# Rolair compressors



## dkillianjr (Aug 28, 2006)

Hey guys I am just about to pull the trigger on a new compressor. I am pretty much set on the Rolair FC1500HS3 2.5 gallon hot dog style. I was just wondering, are they still made in the USA? Their website says yes, but in my searching some people said no. 

I am also considering the makita mac2400 or the senco PC1130. Any reason you guys say go with one of these instead of the rolair?
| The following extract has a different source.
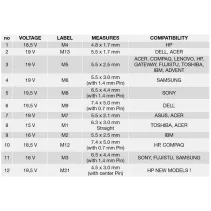 Zasilacz do laptopa 70W/4.7A 15-19.5V 12 wtyków DC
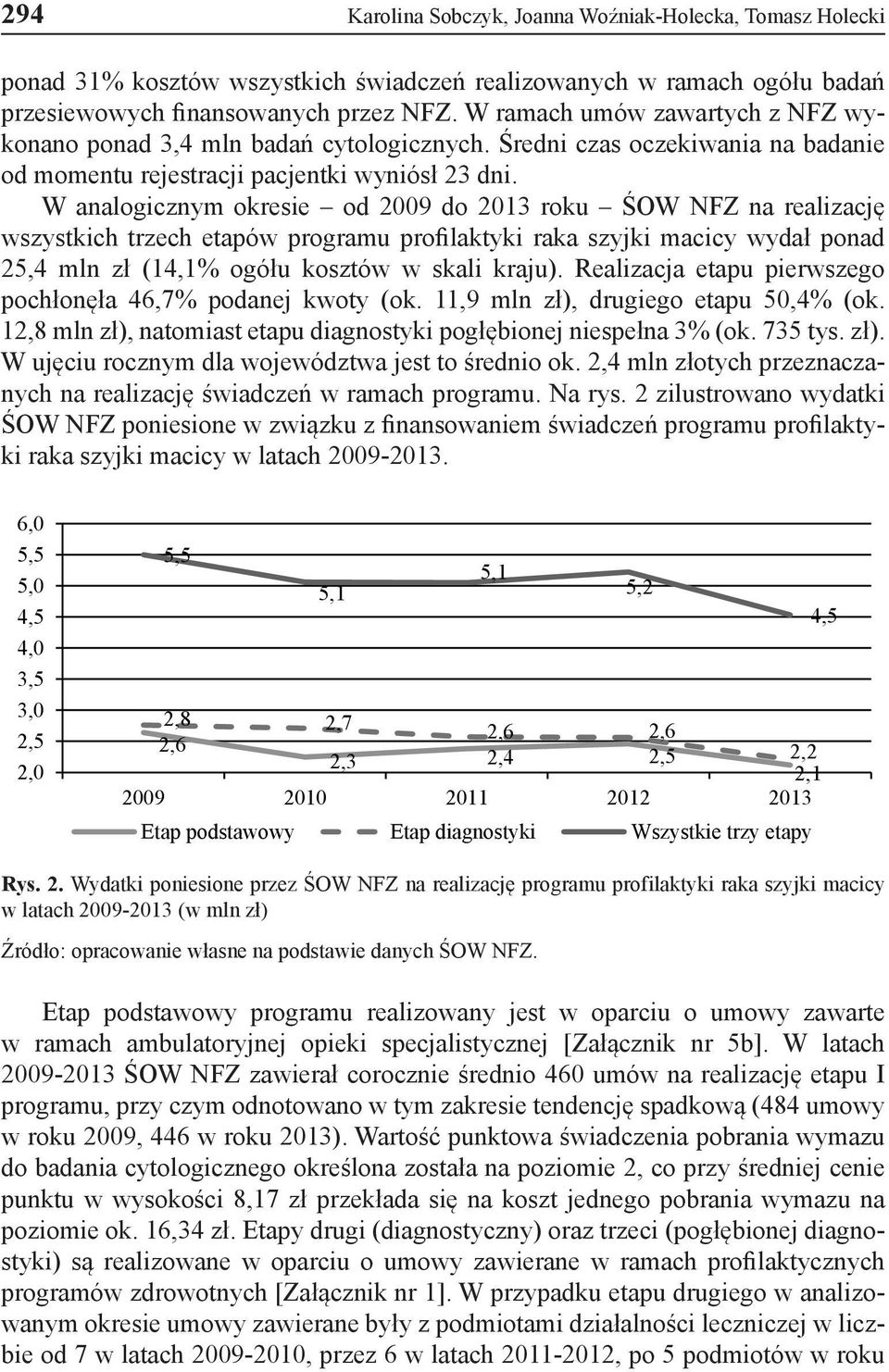 W analogicznym okresie od 2009 do 2013 roku ŚOW NFZ na realizację wszystkich trzech etapów programu profilaktyki raka szyjki macicy wydał ponad 25,4 mln zł (14,1% ogółu kosztów w skali kraju).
Also, on a side note, I have never owned an oiled compressor. I have never really payed much attention to other guys that had them. How are they for leaks over the years? Would I be able to safely bring it into someones house with a folded up drop cloth under it? Thats what I do now with my oiless compressor.


Thanks, Dave


----------



## GettingBy (Aug 19, 2010)

Going to nextag.com and searching on 
2__5-gallon-air-tank 
may help to compare price and performance against other makes and models.


----------



## woodworkbykirk (Sep 17, 2008)

i was running an oilless porter cable, then i started working for a new general who only runs oiled compressors, they are far superior. their quiter, last longer, deliver more air. i picked up a hitachi back in the spring and love it.
you just have to keep up on the oil changes when your running the thing all the time


----------



## dkillianjr (Aug 28, 2006)

Thanks guys, 

Kirk, I am on my second porter cable pancake, its slowly dieing. They have held up pretty well for what they have been through. I am tired of my ears ringing after it runs for 20 hours to fill up:laughing:



Dave


----------



## WarnerConstInc. (Jan 30, 2008)

I have the Mac2400, it is a great compressor, super quite, low draw start up but, it is heavy. I think 74 lbs.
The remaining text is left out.